Ok, DÄ sind bei iTunes nicht zu finden, trotzdem kann ich die Aufregung nicht nachvollziehen. Wer die Preise eigentlich selbst stimmen kann aber andere bestimmen lässt, der darf doch nicht drüber meckern.
hat bereits 1744 Kommentare abgegeben und schrieb am 9. Januar 2009 um 16:40:
Bands, die sich freiwillig an ein Major Label verkaufen dürfen sich nicht über die vermeintlich schlechte Bezahlung wundern, da gebe ich Dir recht. Leider überstrahlt die Präsenz der so vermarkteten Künstler andere, kleinere (faire) Labels. Natürlich diktieren die Preise der Grossen die Preiserwartungen der Mainstream Kundschaft. Wenn ein Lied von XYZ 99 Cent kostet, darf es von ABC auch nur 99 Cent kostet. Eine einleuchtende Rechtfertigung für höhere Preise findet man gegenüber dieser Kundschaft wohl nicht.
hat bereits 203 Kommentare abgegeben und schrieb am 10. Januar 2009 um 04:20:
Mathe mal einfach:
Band verkauft ein Lied über iTunes für 99 Cent und erhält 8 Cent
Band verkauft ein Lied über die eigene Website, für 50 Cent und erhält 50 Cent
Natürlich muss man bei der letzten Möglichkeit die Serverkosten abziehen, aber das sollte sich für die Band trotzdem noch lohnen. Bleibt wohl aber Wunschdenken, dass die Bands die Labels zu Hartz IV verdonnern.
hat bereits 1744 Kommentare abgegeben und schrieb am 10. Januar 2009 um 18:42:
Gutes Beispiel, auch wenn ich die Rechnung etwas zu einfach finde.
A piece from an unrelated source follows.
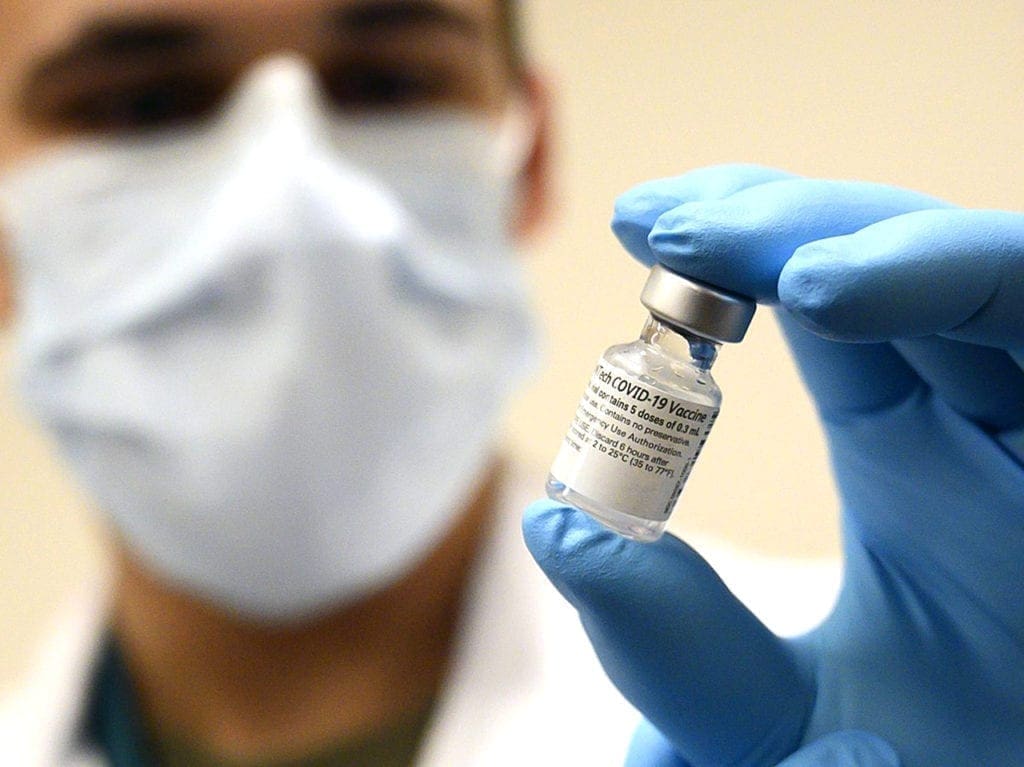 A man in a mask with a blue surgical glove holds a vial of a COVID-19 vaccine.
Im Grunde hast du aber Recht, Bands sollten vielmehr die Möglichkeiten nutzen, die Ihnen das Internet bietet und sich nicht nur auf das Verkaufen über die klassischen Vertriebswege konzentrieren. Es gibt auch schon einige Bands die das so machen, leider verkaufen sich viele Künstler viel zu oft an die Major Labels um Ruhm und Popularität zu steigern.
hat bereits 203 Kommentare abgegeben und schrieb am 10. Januar 2009 um 22:32:
Natürlich ist die Rechnung übersimplifiziert. Trotzdem bleibt der Kern meiner Meinung nach richtig und auch wenn ich damit allein auf weiter Flur stehe: Ich kaufe lieber für 99 Cent bei ätunes oder auf anderen Bandwebsite, lade dort dann auch nur mit 100kb/s runter lass dass ich auch nur einen Cent an Musik-Zersetzer wie Nuclear Blast und ähnliche Knebelvertragschreiber zu zahlen.